If passed into law, House Bill 5040 would require that any bar or restaurant selling a “pint” of beer make certain that pint contains a full 16 ounces.
Sounds pretty straightforward—every elementary school in America has a curriculum requiring students, at some point, to learn “one pint equals 16 ounces.” That’s presumably what Michigan state representative Jeff Irwin, one of six Democrats co-sponsoring HB 5040, had in mind when he said “when people buy a pint and they're served less than a pint, it strikes me as sort of low-level fraud.”
Kind of flat
But HB 5040 opponents, including members of the Michigan Licensed Beverage Association, say the bill is both unneeded and based on a misunderstanding.

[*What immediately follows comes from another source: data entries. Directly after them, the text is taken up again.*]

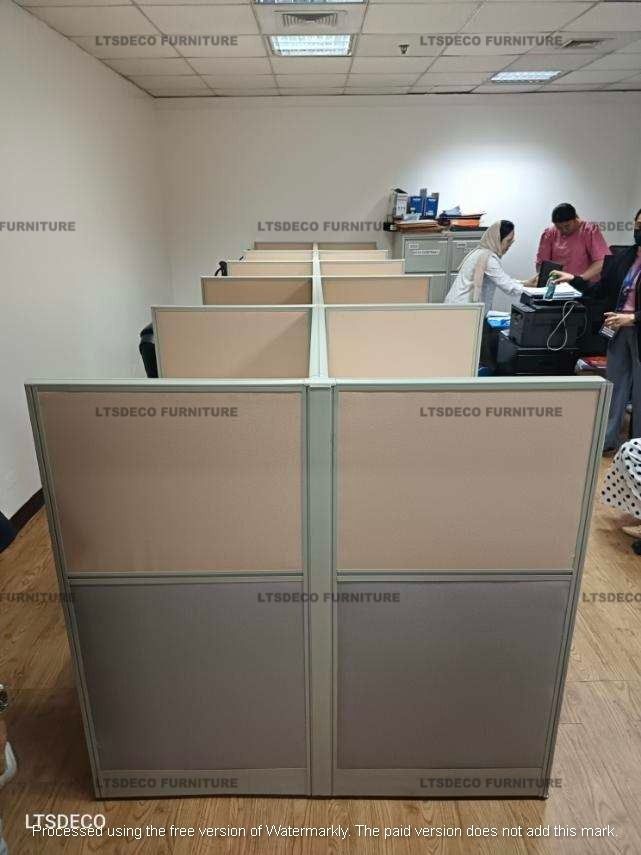 WORKSTATION TABLES CUBICLES OFFICE PARTITION FURNITURES (Category: Office Furniture & Fixtures) located in Quezon City. Submitted by chris.ltsdeco (Listing ID 1470953372, Image 3). Description: 👉Are you looking for WORKSTATION, MODULAR CUBICLES OFFICE PARTITION, and OFFICE FURNITURE SUPPLIER? LTSDECO Furniture, is direct supplier, manufacturer, and trusted provider of high quality, affordable and durable modular office divider partition, home an
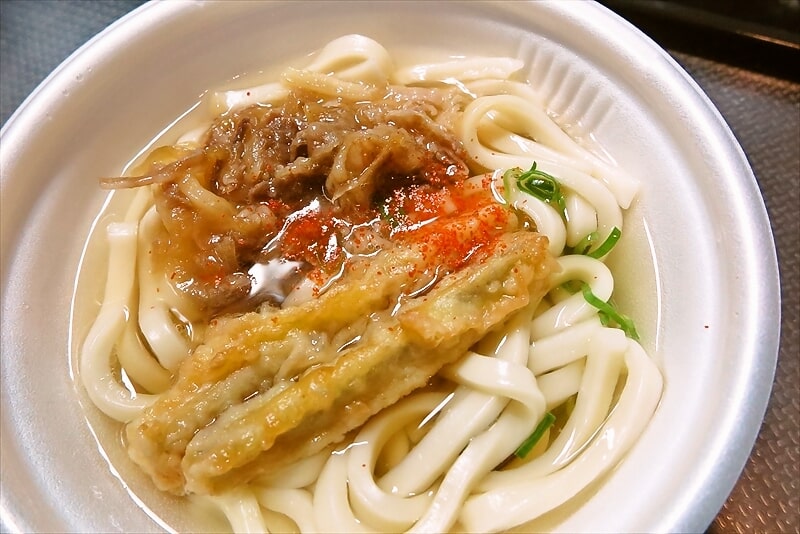 『ファミリーマート』資さんうどん監修 肉ごぼ天うどん弁当13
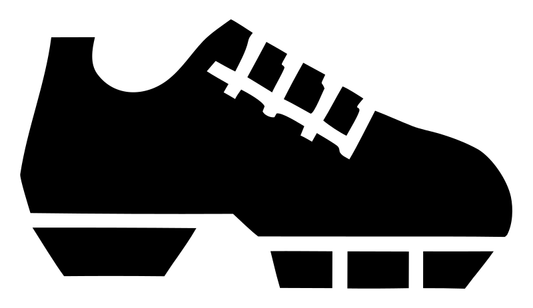 Chunky Cleat Shoe Badge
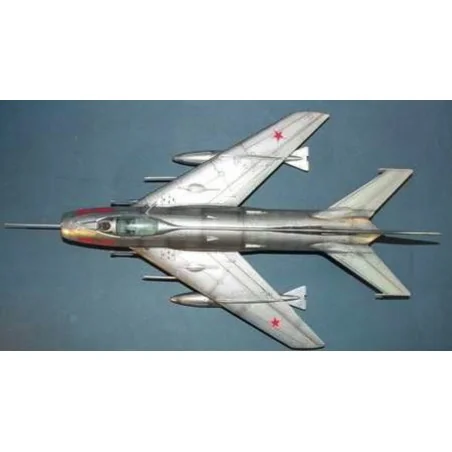 MiG-19 S Farmer C, 1/48 - Trumpeter 02803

MLBA’s executive director, Scott Ellis, told MLive.com, a local news outlet, “We have other pressing issues right now that need to be addressed over the amount of alcohol in the pint,” and furthermore, he claimed the word “pint” is a generic term that can refer to any glass of beer, not necessarily a 16-ounce measurement.

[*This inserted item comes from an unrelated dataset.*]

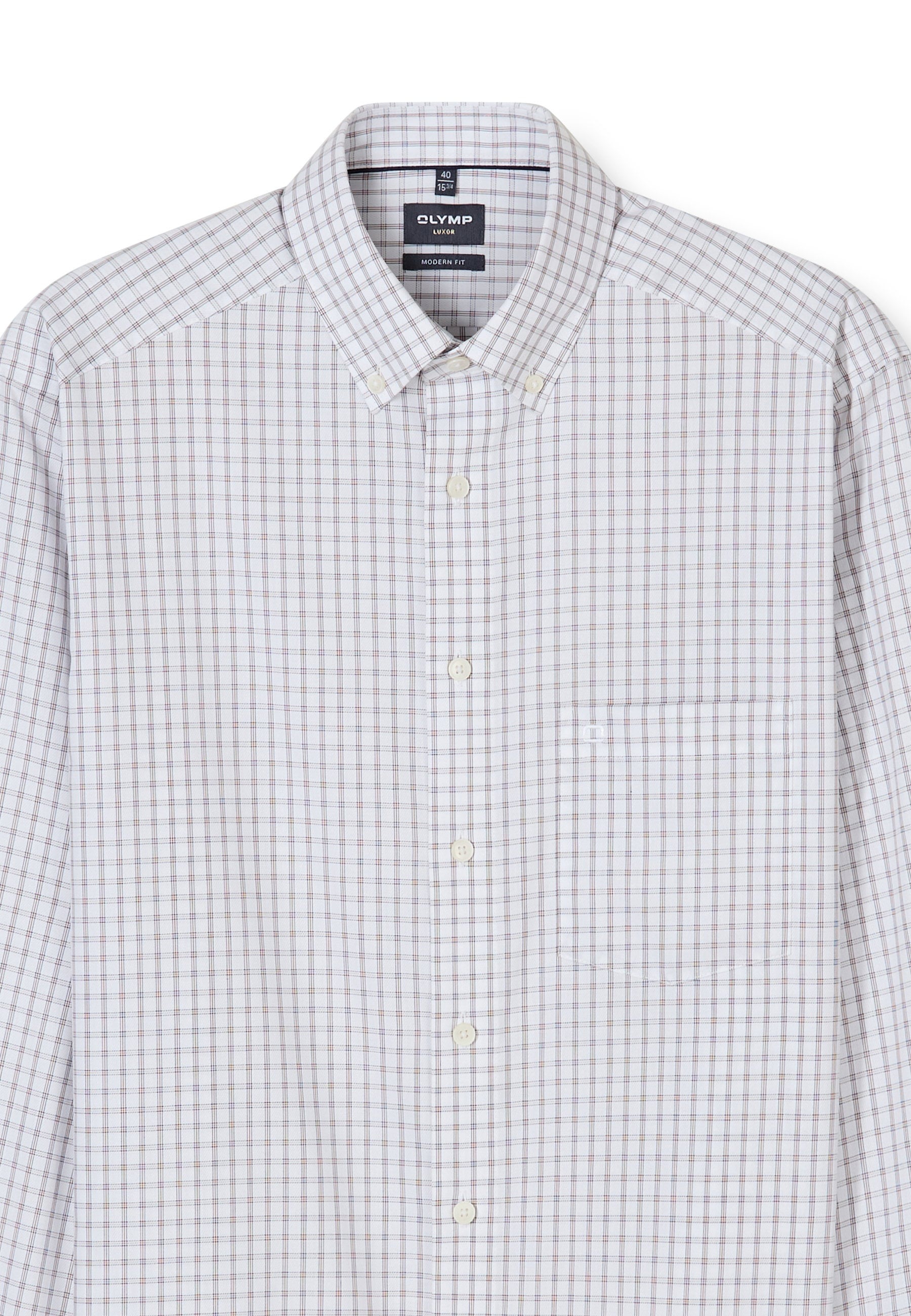 OLYMP Businesshemd »OLYMP Luxor, modern fit, Button-down«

On the other hand, HB 5040 supporters counter, anti-fraud consumer laws already cover customers in gas stations and grocery stores—whether you buy a gallon of gas or a gallon of milk, that gallon’s supposed to adhere to a specific term of liquid measurement. Same goes for pint, quart and similar terms—if a pint of buttermilk from a grocery stores is supposed to hold 16 ounces, why not hold bars and restaurants to the same standard?
By contrast, “pint” glasses in bars and restaurants can hold as little as 12 ounces, only three-quarters of a pint.
As of press time, it’s far too early to predict whether the bill will make it into law, or just slowly evaporate in the legislature.